Entre las víctimas mortales se encuentra el gobernador de la isla Margarita, don Juan Sarmiento de Villandrando, quien ha afrontado el envite en primera línea, de frente al enemigo, blandiendo la espada para el abordaje y alentando a los demás, sin mostrar temor alguno. Su buena suerte, que le llevó a luchar valerosamente y sobrevivir al terrible asalto de Francis Drake en Santo Domingo (1586) y a derrotar o hacer huir a otros piratas con anterioridad, acaba en aquella aciaga jornada, el 13 de noviembre de 1593: “Una vala de artillería le acertó de lleno, cayó a la mar hecho pedazos, que no apareció”, escribirá Pedro de Acuña en su relato del enfrentamiento naval.

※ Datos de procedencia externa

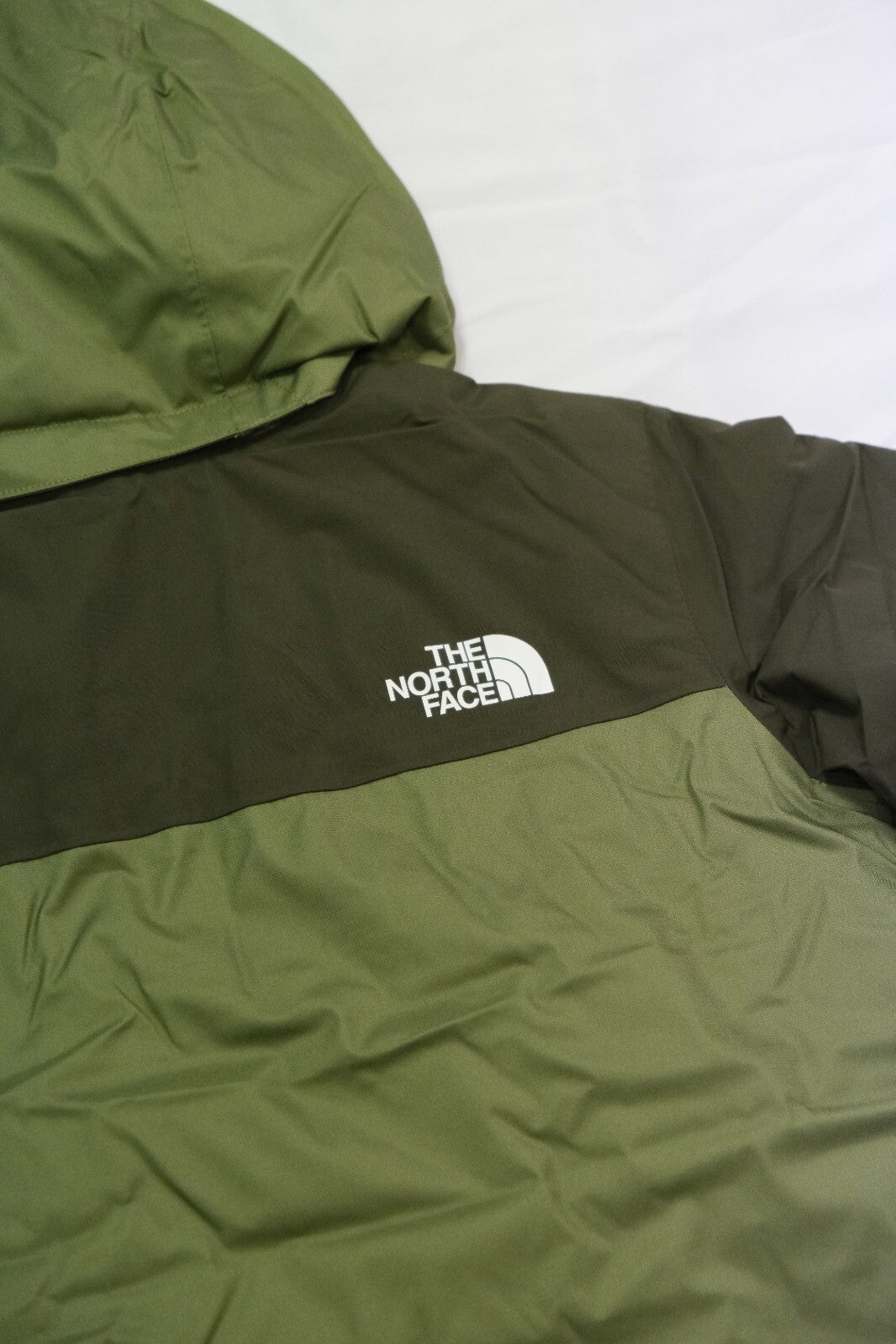 The North Face Boys Snowquest Plus Winter Jacket / Olive Green / RRP £145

¡Armas, armas, armas! Eso es lo que se había hartado de solicitar el nieto de doña Aldonza Manrique a su majestad tras asumir la gobernación de la isla Margarita en 1583. Como Zelensky en la actualidad, para que se hagan una idea, pero con menor éxito si cabe que el presidente ucraniano. La isla está pobremente defendida, no cuenta con galeras que recorran su litoral, ha sido arrasada en varias ocasiones y, pese a tratar de construir una fortaleza, los cañones y arcabuces son escasos para frenar a los “ladrones del mar” que continuamente merodean la zona para saquear todo lo que pueden, principalmente las perlas que se sacan de sus aguas. Así ha sido desde siempre en isla Margarita: primero los ataques y asaltos franceses, y luego, sobre todo a partir de 1560, los ingleses. En el siglo XVII los holandeses también harán de las suyas.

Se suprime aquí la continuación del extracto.